Recorded data.
== Segment start ==

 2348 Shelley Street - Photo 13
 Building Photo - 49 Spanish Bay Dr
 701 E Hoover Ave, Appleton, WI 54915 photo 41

== Segment end ==

Exercise aim. Each line above must be retyped exactly in the response.

Solution.
 2348 Shelley Street - Photo 13
 Building Photo - 49 Spanish Bay Dr
 701 E Hoover Ave, Appleton, WI 54915 photo 41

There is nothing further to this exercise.